When the line containing "Green Tara Goddess" is reached, include it and end there; set down verbatim every line before it, starting at the top of the records.

(SOURCE MATERIAL begins)

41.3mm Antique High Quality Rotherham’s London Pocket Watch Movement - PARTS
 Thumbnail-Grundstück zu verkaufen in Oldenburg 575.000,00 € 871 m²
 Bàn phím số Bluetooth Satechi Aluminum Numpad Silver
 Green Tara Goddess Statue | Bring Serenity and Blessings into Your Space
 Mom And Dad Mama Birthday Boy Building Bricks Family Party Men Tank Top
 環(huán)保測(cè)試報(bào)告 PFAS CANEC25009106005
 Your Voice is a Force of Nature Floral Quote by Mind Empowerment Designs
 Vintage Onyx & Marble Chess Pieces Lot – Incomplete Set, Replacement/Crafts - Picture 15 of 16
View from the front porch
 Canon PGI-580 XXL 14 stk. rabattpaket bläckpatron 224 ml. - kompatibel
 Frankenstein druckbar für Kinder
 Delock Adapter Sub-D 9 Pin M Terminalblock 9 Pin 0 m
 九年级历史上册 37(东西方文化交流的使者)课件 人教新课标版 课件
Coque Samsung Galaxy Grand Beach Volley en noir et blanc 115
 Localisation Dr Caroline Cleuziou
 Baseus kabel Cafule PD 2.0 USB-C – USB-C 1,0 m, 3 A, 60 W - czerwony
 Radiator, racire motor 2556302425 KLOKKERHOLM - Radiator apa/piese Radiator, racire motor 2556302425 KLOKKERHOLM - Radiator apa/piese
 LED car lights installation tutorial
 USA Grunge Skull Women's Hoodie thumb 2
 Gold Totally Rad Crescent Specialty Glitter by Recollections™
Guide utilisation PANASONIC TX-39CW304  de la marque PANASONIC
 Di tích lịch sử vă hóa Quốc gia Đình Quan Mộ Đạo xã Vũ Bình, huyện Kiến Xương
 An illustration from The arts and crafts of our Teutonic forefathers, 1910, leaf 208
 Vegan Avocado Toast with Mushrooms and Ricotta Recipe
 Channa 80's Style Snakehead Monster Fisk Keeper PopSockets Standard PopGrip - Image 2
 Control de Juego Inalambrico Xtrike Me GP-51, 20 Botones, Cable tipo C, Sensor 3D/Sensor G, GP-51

(SOURCE MATERIAL ends)

• WRITTEN SOLUTION
41.3mm Antique High Quality Rotherham’s London Pocket Watch Movement - PARTS
 Thumbnail-Grundstück zu verkaufen in Oldenburg 575.000,00 € 871 m²
 Bàn phím số Bluetooth Satechi Aluminum Numpad Silver
 Green Tara Goddess Statue | Bring Serenity and Blessings into Your Space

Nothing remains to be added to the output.